How Does this affect Early Education and Childcare Programming

Because Proposition C has $400 million in its reserve, neither of these proposed changes affects any current programming. In fact, the City is still expanding programming.

The reduction in the rent on subleased spaces will reduce tax revenues by around $17 million annually, and the baseline change has a $30 million impact on the Proposition C reserve over two years. However, due to a large surplus of funds from CRT collections during previous years, there will be no reductions in current levels of services for young children and early educators. In fact, the Department of Early Childhood will::

  • Sustain the recent landmark compensation initiative for more than 2,000 City-funded early educators, who received raises of anywhere from $8,000 to $30,000 last year.
  • Expand the number of childcare vouchers that it issues annually from 10,000 to 12,000.
  • Invest $70M for childcare facilities and $30M for early educator pipeline programs.

Why is there a Surplus?

There are two main reasons for the surplus in childcare and early education funds.

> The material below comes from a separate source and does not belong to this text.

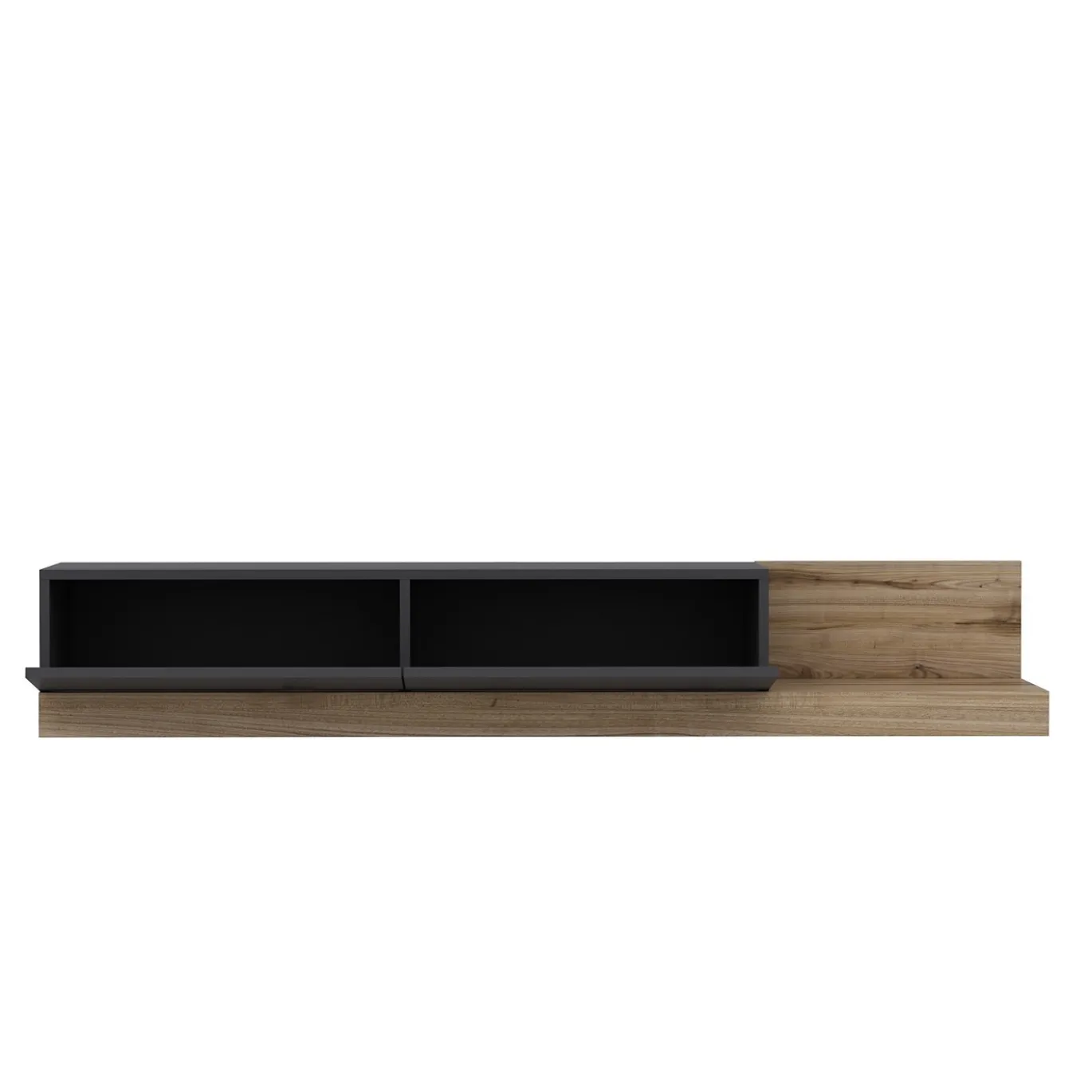Tv-meubel Majör Antraciet/Walnoot 180cm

The first reason is that when the CRT was passed in June 2018, it was subject to a lawsuit that took over two years to be resolved. During the time of the lawsuit, the City collected the tax, but couldn’t spend it. The Controller held it in reserve in case the City lost and had to pay the tax back. That means that once the City was allowed to spend it, we had hundreds of millions of dollars to spend.

The second reason is that the infrastructure had to be put in place once the funds were able to be spent. So much of the challenge around early education and childcare is that we don’t have the spaces or the staffing to provide these critical services. That’s why so much of our focus has been on training new educators and building out new facilities. We have to actually create where these services can be. That takes time and we’ve been doing that work.

So put those two things together — being unable to spend money for over two years and then having to build out infrastructure once we were able to spend it — and you have a significant reserve of hundreds of millions of dollars built up over time.

So with this surplus, we have an opportunity to look down the road several years and see that if we help businesses right now in this difficult moment, we will have a more stable funding source for years to come, all while still delivering the landmark childcare policies.

Next Steps

There are some who disagree with our proposal to stabilize our broader economy while still expanding on the landmark childcare policies we’ve implemented. But it’s important that we acknowledge if we don’t reduce the commercial rent tax, and if we keep our taxes at the level they are at now, businesses will continue to make the decision to lease elsewhere, where it is less expensive. This will hurt the long-term prospects of this funding.

My proposals are currently before the Board of Supervisors as part of the budget. The Budget Committee is in deliberations over the next week and a half when a decision on a final budget will be made. My hope is that we can have a budget that both delivers critical childcare funding and that meaningfully supports our economic recovery. Having both is what will make us a stronger, more resilient city in the long run.